Work to be completed. Exactly as written, output each of the lines below, with no images.

Recorded information.
▬▬▬▬▬▬▬▬▬▬

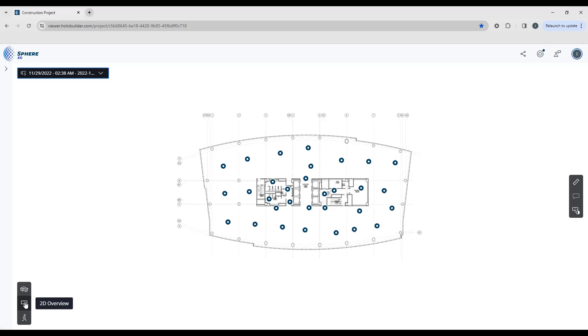As we change through the different views you'll see the tool palettes change and they'll present options that are relevant within the space that you're working. So at the moment we're seeing the sheet and we're seeing the waypoints from the 360 Hollow Builder images that were captured.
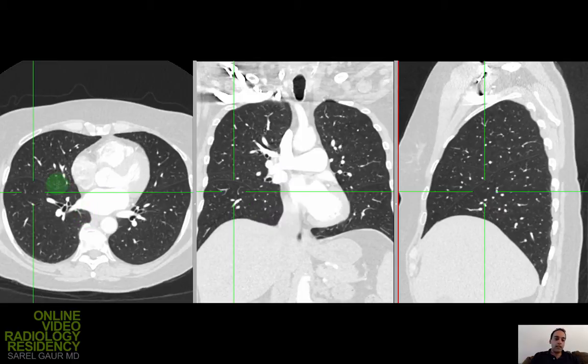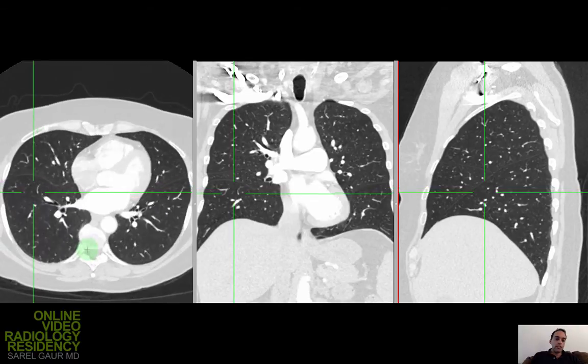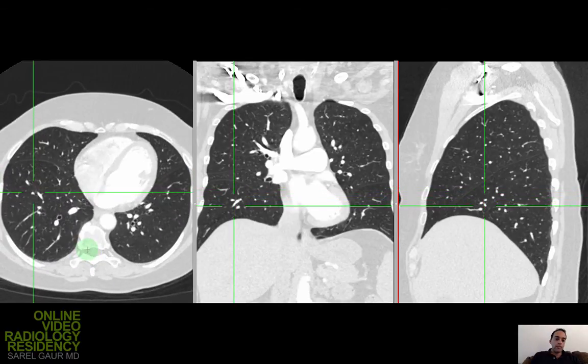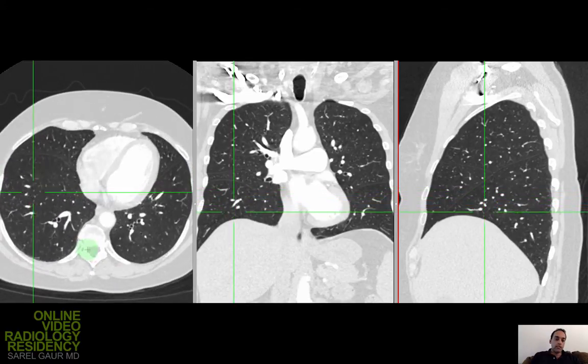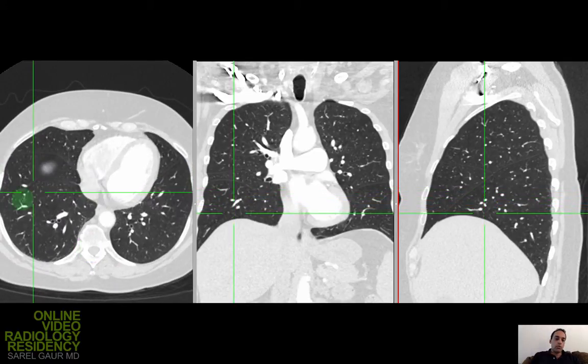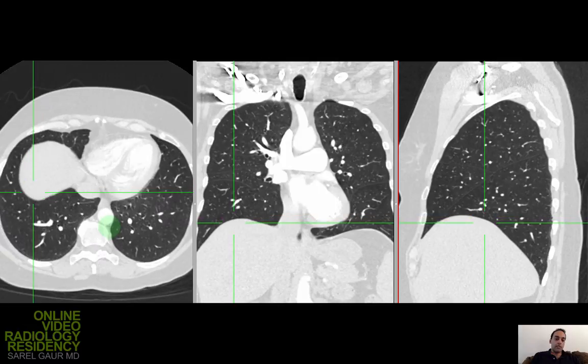Back on the axials, this is the right upper lobe, and this is the right lower lobe. As I come down, you can see more and more right lower lobe coming into the right lung base.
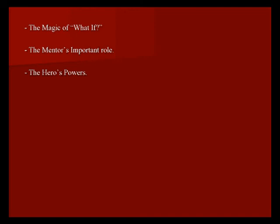Technology can also be seen as the shadow or the villain. The Matrix is a prime example of where technology is the shadow. It's technology that has gotten us to the point we're at. The Terminator is another example of that where technology is the villain or the bad guy.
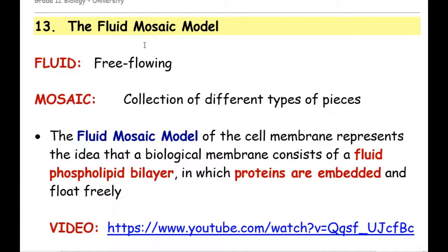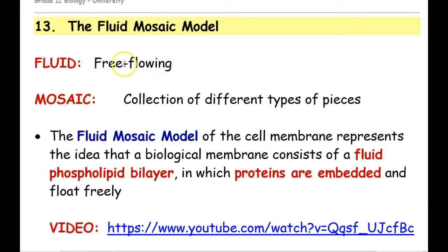All right, folks, so here's our note on the fluid mosaic model of the cell membrane. Let's dissect this term, fluid mosaic. Fluid doesn't necessarily mean liquid — it just means free-flowing. We'll talk a little bit about what it means for the cell membrane to be fluid — what about it is fluid?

▬▬▬▬▬▬▬▬▬▬

Answer area.
As we change through the different views you'll see the tool palettes change and they'll present options that are relevant within the space that you're working. So at the moment we're seeing the sheet and we're seeing the waypoints from the 360 Hollow Builder images that were captured.
Back on the axials, this is the right upper lobe, and this is the right lower lobe. As I come down, you can see more and more right lower lobe coming into the right lung base.
Technology can also be seen as the shadow or the villain. The Matrix is a prime example of where technology is the shadow. It's technology that has gotten us to the point we're at. The Terminator is another example of that where technology is the villain or the bad guy.
All right, folks, so here's our note on the fluid mosaic model of the cell membrane. Let's dissect this term, fluid mosaic. Fluid doesn't necessarily mean liquid — it just means free-flowing. We'll talk a little bit about what it means for the cell membrane to be fluid — what about it is fluid?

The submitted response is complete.